2023: a year of open doors

A blank canvas. A clean slate. A fresh start. These are the clichés we always hear when we find ourselves at the outset of a brand new year, but there’s actually some truth to them.

Sure, we might just be flipping the calendar over to another January. No, not much has changed over the past week or two. All the same, it’s an important landmark to reach because it allows us all to stop and spend a few moments looking ahead.

As employers, managers, and workers ourselves, we’ve learned the hard way over the past few years that we can’t control everything that happens in the world of work we inhabit. Life tends to get in the way of even our best-laid plans. That said, we can still make resolutions. We can still hold high hopes. We can still go forward into this new year with lessons learned and a shift in mindset to match.

Right now, this year can be whatever we want it to be. It doesn’t have to be another year of record turnover, lagging engagement, hiring troubles, skills gaps, layoffs, and the like. We have the power to make 2023 something far better: a year of open doors.

Many of these challenges our organizations have faced in the recent past have come about due to doors that have long been closed. They’ve been limiting our range of possibilities and solutions.

Take, for instance, the problem that might be the most pressing of all: turnover. People are leaving their companies at record rates. There are plenty of factors that go into the decision to quit, but a huge motivator for many employees is lack of opportunity.

No one likes feeling stuck in a job, and everyone wants the chance to forge their own career path. That could mean moving up the ladder, over to a different team or role, or even just learning new skills. When employees look for those opportunities and find the doors are closed, they can and will leave to find them elsewhere. We can open those doors by embracing talent mobility and providing people with the support and freedom they need to blaze their own trails. When that happens, they won’t just be more invested and engaged - they’ll be more likely to stay.

That very same talent mobility can open doors for employers and their recruiters, too. Those internal employees could very well fill open roles and shore up areas of need, they just need to be considered and tapped into.

There’s also no need to despair at skills gaps any longer when the ability is there to grow those skills in current employees. It’s the skills we’re lacking, not the people. We just need to be willing to see upskilling and reskilling as the solutions they can be.

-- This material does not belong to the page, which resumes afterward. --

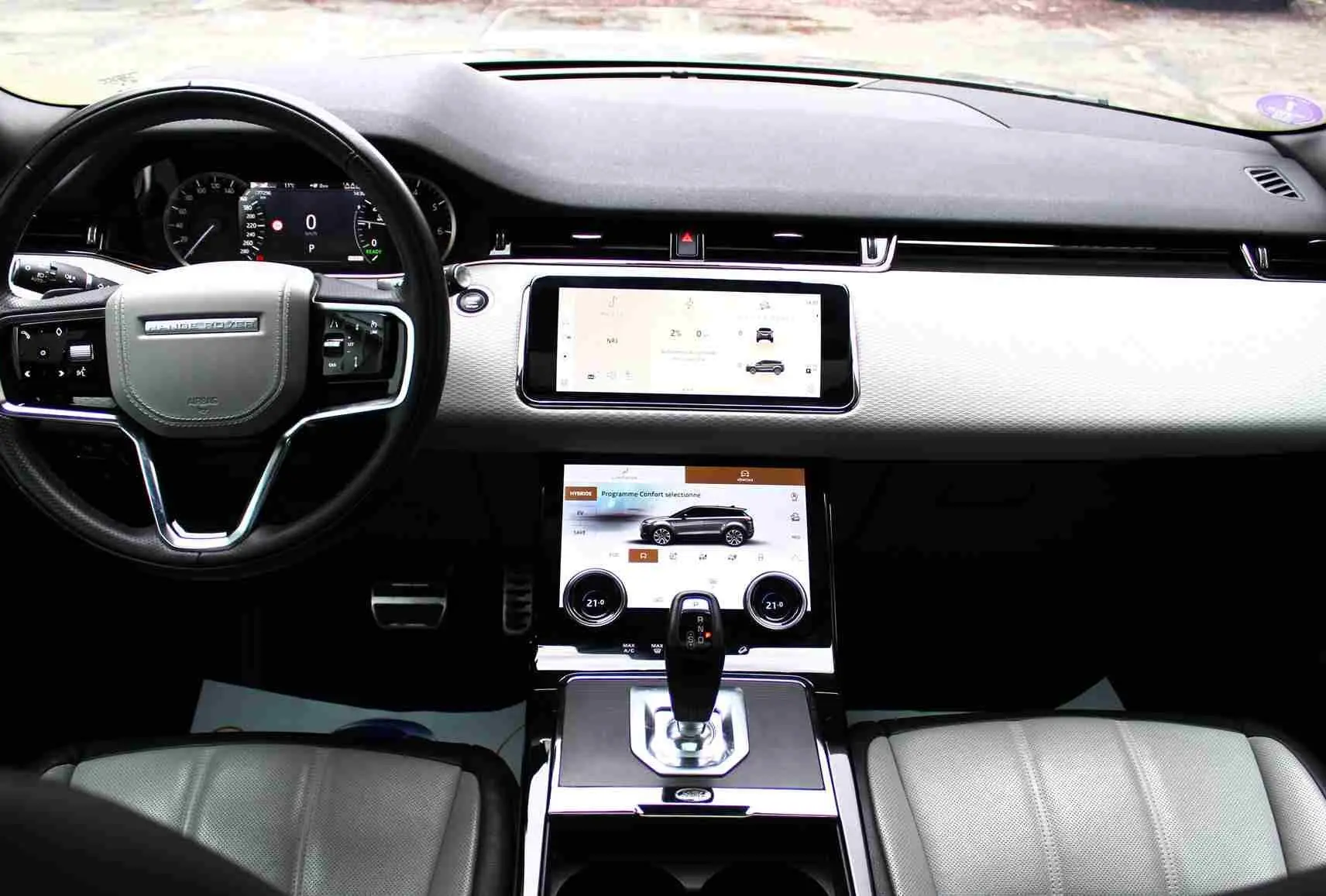 Range Rover Evoque gris métal 2023 en 3/4 avant droit, hybride rechargeable, devant un bâtiment commercial.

Speaking of solutions, there’s another one for employers staring down layoffs right now. These companies are bound to have roles in other areas that need to be filled. Why not open the door to potentially redeploying about-to-be-laid-off workers instead of resigning ourselves to cutting them loose? Layoffs are damaging to the brand, and they cost time, money, and people. It can’t hurt to start considering all the options available to us.

In that spirit, there’s one more door we should think about leaving propped open in 2023: the door that former employees walked out of. Some goodbyes don’t have to be forever, and as long as these people left on good terms, there’s no reason to overlook them as a talent pool and rule out a potential reunion. At some point now or in the future they could become re-hired alumni (aka boomerang employees) and bring value back to the organization.

That’s what making 2023 a year of open doors is really all about: keeping an open mind and not shutting ourselves off from potential solutions. Talent mobility, upskilling and reskilling, workforce redeployment, bringing back alumni - they’re all ways we can explore every possibility and make this the year we bring the problems of past years to an end.